The Repair of Laminated Auto Glass (the ROLAGS Standard™)-defines the conditions under which auto glass can and cannot be repaired (the break in the glass remediated) and when it must be replaced (the glass removed and new glass put it). The Standard called ANSI/NWRA/ROLAGS 001-2014 is developed and maintained by the National Windshield Repair Association (NWRA) and can be viewed online.
There are a number of Federal standards that also come into play in the aftermarket repair and replacement of auto glass. Though these standards were developed for new cars, they have implications in the repair and replacement of auto glass as well. They are:
FMVSS 111—Provides standards for the devices and systems used to see out the rear of the car, including mirrors.

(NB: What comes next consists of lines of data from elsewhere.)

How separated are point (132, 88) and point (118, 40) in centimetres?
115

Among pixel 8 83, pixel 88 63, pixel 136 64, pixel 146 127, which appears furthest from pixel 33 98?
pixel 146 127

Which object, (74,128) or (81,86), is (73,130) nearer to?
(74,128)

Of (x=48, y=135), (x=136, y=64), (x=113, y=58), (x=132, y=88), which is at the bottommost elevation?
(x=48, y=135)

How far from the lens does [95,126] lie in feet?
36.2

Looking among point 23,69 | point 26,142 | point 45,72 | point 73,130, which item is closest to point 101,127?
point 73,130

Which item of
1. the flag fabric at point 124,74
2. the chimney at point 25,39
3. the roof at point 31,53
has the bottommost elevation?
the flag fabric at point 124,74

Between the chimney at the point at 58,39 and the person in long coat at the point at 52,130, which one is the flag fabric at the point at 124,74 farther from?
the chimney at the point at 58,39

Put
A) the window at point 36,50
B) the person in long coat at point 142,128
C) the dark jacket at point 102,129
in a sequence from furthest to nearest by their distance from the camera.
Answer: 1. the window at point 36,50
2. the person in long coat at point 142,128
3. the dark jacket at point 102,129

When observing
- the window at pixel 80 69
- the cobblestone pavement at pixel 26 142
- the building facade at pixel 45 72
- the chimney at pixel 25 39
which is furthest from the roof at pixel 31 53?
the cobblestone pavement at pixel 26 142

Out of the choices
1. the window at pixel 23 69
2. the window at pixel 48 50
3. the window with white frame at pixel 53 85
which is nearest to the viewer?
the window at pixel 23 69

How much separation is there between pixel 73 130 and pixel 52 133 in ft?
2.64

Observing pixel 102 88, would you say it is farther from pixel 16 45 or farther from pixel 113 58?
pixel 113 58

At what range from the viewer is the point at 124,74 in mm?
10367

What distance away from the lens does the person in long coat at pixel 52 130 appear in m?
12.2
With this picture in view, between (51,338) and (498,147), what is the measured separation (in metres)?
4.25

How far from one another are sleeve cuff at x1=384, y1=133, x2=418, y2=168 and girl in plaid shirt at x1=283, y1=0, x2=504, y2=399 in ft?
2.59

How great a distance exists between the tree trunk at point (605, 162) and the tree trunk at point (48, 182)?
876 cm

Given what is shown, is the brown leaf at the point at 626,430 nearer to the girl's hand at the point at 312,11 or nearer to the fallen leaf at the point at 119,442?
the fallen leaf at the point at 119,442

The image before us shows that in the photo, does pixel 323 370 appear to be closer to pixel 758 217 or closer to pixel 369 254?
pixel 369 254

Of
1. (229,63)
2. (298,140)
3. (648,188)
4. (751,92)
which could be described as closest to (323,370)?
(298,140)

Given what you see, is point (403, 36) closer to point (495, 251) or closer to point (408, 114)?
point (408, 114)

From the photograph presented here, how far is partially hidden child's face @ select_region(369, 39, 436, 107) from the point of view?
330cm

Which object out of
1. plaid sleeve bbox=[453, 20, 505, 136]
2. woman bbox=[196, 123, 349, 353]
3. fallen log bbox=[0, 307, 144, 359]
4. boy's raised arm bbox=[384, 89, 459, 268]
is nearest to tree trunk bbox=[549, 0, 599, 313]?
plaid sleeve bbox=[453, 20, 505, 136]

FMVSS 205—The motherlode Standard for glass in vehicles, this Standard is simply called "Glazing Materials" and defines the specifications for use of glass and glazing in vehicles.
FMVSS 208—Is the Standard for Occupant Crash Protection. Few people know this, but the windshield is an integral part of the occupant protection system. In fact, a windshield that was installed improperly can keep the airbags from functioning properly.

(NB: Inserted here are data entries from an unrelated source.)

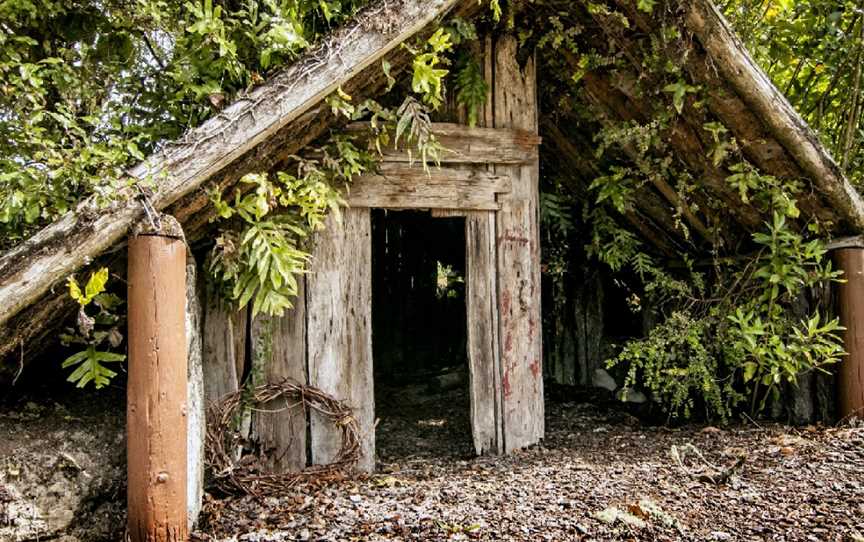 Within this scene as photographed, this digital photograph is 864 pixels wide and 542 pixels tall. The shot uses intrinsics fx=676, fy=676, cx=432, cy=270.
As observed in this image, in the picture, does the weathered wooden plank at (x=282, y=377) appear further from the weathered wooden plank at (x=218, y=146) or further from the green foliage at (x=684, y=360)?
the green foliage at (x=684, y=360)

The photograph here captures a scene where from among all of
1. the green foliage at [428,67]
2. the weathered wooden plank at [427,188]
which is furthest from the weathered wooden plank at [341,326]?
the green foliage at [428,67]

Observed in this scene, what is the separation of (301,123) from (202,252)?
42.5 inches

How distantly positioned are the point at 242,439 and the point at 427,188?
84.9 inches

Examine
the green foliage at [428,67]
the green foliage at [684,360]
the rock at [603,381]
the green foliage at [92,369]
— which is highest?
the green foliage at [428,67]

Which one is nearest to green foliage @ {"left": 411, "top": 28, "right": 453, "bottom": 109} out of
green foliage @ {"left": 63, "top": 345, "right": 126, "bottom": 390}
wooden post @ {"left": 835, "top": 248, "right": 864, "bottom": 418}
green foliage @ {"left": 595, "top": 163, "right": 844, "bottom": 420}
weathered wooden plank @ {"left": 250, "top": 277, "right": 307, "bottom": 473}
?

FMVSS 212-Explains how the windshield should be mounted in the car. This Standard is for new cars but it does have implications for those who replace glass as well.
FMVSS 214—is a standard designed to protect occupants in the case of side impact and reduce fatalities from the same. It specifies strength requirements for the side of the vehicle, including glass.
FMVSS 216—is a standard designed to protect occupants from roof crush an. It specifies strength requirements for the roof and supports of the vehicle, including glass.
FMVSS 219—An important standard that specifies the amount the windshield is allowed to be displaced during a crash. The purpose of this standard is reduce crash injuries and fatalities that result from components displaced near or through the windshield.
SAE J673-201506—This recommended practice was developed by the Society of Automotive Engineers (SAE) mainly for car body engineers and designers. It includes nominal specifications for curvature, flatness, size and fabrication. It is a successor to the Z26.1 Standard. Though not written for the layperson, the 8-page document is available from SAE for $74.